DIRECTIONS: The answer should be each line of the records that contains the word "Road"; please copy them all.

DATA TO PROCESS:
┌──
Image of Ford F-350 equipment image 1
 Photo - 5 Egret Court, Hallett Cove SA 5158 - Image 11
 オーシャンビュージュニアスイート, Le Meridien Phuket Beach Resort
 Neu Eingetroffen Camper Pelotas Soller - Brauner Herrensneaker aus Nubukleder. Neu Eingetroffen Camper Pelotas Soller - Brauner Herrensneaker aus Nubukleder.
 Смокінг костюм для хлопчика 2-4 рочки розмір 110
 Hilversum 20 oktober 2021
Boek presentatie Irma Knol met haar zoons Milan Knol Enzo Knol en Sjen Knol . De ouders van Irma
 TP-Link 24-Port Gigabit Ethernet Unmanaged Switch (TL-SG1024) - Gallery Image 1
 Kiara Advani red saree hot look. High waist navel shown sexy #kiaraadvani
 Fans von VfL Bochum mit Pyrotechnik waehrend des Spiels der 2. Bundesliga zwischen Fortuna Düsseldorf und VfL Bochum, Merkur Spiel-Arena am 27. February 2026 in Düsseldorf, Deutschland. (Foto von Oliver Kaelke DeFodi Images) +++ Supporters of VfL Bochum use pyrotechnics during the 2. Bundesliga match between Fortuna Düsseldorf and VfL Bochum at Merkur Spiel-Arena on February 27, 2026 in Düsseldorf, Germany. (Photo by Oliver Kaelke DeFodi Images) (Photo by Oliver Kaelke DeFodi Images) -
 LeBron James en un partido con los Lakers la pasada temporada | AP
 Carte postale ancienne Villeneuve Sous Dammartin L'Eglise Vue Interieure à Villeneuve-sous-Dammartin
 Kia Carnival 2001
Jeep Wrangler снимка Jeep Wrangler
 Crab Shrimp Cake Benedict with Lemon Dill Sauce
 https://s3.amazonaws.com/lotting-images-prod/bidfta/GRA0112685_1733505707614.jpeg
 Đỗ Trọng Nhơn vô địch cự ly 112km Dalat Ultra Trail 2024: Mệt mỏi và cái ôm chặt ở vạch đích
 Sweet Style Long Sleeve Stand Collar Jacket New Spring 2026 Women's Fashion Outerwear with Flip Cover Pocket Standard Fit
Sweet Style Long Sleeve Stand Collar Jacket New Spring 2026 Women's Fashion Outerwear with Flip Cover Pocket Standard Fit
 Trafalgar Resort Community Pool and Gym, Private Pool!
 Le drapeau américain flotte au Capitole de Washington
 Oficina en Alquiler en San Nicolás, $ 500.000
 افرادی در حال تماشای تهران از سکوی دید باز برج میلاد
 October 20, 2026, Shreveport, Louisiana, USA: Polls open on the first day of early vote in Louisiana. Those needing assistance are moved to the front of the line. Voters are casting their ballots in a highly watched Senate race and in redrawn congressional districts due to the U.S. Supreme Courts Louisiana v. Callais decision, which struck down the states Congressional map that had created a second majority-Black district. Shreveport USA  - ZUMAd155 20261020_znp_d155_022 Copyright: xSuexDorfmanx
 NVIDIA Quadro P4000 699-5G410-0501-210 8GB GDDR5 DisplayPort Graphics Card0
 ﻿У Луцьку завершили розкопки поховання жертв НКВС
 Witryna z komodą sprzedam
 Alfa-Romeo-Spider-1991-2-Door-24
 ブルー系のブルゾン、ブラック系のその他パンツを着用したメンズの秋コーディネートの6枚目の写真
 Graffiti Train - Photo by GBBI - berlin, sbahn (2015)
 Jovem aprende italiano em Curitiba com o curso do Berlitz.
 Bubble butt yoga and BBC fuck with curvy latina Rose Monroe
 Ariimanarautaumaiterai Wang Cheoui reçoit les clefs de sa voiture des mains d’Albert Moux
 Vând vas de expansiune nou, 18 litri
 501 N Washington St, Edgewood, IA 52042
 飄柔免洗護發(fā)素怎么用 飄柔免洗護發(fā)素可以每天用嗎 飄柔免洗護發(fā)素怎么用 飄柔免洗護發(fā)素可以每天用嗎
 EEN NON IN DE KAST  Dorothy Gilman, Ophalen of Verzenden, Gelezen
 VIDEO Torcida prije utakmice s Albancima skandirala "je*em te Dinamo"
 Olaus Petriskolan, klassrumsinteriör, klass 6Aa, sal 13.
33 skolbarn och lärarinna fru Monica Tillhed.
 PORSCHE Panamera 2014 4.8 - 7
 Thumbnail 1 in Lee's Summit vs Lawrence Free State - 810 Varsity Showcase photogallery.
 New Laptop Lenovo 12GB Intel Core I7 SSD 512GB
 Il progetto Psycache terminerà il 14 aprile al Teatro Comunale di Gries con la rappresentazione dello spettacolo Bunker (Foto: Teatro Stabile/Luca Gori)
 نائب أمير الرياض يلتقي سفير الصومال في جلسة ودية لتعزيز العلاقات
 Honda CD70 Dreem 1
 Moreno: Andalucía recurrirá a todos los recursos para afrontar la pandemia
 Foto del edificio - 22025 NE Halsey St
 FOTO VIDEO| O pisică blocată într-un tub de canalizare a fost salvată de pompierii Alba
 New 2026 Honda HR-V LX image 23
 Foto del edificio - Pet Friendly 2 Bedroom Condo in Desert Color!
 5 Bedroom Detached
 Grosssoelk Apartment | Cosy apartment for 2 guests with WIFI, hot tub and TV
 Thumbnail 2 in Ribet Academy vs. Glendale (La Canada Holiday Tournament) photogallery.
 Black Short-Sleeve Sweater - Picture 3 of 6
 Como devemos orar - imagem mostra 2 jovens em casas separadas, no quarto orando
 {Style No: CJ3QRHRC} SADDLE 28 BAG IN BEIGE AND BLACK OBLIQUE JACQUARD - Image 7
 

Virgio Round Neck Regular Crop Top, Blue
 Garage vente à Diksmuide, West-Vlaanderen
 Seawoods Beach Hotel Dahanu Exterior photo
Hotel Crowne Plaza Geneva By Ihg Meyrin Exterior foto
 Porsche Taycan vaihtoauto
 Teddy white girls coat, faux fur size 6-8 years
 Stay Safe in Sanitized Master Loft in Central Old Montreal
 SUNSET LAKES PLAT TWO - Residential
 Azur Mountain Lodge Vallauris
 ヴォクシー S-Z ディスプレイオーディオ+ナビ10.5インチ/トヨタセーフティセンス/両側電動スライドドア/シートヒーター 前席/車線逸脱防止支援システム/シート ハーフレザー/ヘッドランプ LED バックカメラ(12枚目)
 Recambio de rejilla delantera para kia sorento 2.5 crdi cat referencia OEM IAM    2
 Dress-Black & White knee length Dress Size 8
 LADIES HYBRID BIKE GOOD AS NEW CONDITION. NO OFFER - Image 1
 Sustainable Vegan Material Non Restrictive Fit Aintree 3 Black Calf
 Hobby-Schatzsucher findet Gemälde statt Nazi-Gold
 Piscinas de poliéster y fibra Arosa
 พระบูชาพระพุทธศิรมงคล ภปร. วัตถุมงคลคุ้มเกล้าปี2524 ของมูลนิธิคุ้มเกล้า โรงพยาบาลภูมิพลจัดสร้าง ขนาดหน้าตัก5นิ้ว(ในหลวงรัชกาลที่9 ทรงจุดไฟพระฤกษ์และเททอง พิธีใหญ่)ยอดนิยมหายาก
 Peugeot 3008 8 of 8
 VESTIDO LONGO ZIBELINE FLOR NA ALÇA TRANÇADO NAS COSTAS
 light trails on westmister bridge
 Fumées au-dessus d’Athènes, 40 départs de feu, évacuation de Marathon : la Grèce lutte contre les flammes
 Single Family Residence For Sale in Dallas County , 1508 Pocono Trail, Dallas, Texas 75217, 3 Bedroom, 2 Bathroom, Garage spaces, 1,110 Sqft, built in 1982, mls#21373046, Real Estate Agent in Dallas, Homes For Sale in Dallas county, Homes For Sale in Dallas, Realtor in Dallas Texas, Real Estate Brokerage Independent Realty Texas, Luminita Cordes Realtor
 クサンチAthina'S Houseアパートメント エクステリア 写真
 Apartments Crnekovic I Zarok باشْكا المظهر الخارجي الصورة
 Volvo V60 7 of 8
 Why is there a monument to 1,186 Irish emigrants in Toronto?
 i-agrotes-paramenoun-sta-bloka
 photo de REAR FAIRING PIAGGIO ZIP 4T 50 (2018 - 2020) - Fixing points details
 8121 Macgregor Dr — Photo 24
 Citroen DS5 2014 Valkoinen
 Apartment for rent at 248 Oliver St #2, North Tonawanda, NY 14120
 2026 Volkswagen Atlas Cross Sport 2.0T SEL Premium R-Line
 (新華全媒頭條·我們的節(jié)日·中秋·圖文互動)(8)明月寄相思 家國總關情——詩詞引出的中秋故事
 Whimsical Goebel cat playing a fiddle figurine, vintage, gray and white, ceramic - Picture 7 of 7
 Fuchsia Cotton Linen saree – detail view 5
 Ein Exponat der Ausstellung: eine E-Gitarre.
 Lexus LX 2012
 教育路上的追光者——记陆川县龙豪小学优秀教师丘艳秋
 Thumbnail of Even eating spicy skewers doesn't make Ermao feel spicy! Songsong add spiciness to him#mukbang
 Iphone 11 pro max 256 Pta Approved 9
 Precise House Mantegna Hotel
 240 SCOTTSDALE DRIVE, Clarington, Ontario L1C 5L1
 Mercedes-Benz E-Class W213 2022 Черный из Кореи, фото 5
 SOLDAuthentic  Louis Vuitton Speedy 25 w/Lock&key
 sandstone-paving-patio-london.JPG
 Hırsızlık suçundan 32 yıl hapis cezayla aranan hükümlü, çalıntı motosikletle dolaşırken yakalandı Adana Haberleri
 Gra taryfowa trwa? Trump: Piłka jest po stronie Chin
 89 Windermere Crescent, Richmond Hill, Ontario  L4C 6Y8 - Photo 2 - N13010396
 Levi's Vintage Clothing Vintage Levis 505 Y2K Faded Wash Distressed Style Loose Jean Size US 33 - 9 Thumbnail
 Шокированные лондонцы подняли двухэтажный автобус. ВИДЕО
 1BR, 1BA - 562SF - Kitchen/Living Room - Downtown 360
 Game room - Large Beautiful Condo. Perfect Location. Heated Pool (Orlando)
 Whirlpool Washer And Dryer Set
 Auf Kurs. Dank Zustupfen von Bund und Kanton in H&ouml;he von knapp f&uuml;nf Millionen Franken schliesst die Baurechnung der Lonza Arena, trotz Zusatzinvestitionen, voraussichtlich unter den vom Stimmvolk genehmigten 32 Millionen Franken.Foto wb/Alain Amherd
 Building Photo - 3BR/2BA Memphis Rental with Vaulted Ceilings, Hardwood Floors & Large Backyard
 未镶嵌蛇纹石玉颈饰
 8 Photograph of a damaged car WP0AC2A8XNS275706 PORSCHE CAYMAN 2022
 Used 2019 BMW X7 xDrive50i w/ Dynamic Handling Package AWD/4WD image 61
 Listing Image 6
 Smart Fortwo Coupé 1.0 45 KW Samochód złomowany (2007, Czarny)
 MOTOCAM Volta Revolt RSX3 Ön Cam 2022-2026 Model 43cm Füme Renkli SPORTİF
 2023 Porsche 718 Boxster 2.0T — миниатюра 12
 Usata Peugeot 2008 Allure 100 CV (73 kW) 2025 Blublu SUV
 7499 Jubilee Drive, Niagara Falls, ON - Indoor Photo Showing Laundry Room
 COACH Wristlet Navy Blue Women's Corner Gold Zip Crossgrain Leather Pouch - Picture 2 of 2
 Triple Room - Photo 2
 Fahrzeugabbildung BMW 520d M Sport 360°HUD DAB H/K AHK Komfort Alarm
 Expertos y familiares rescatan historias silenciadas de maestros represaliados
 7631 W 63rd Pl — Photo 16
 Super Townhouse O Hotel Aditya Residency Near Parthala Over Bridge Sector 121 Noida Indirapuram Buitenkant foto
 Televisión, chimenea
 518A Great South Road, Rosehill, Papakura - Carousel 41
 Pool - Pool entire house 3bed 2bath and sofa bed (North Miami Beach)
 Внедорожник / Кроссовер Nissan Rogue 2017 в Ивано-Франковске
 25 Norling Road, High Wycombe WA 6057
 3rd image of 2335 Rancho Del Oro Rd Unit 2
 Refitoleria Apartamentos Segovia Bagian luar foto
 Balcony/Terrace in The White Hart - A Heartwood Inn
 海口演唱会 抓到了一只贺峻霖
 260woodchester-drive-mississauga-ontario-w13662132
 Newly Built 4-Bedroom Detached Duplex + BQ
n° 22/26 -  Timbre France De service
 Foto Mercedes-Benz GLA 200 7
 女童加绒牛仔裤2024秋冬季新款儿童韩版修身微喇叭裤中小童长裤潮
└──
OUTPUT:
 518A Great South Road, Rosehill, Papakura - Carousel 41
 25 Norling Road, High Wycombe WA 6057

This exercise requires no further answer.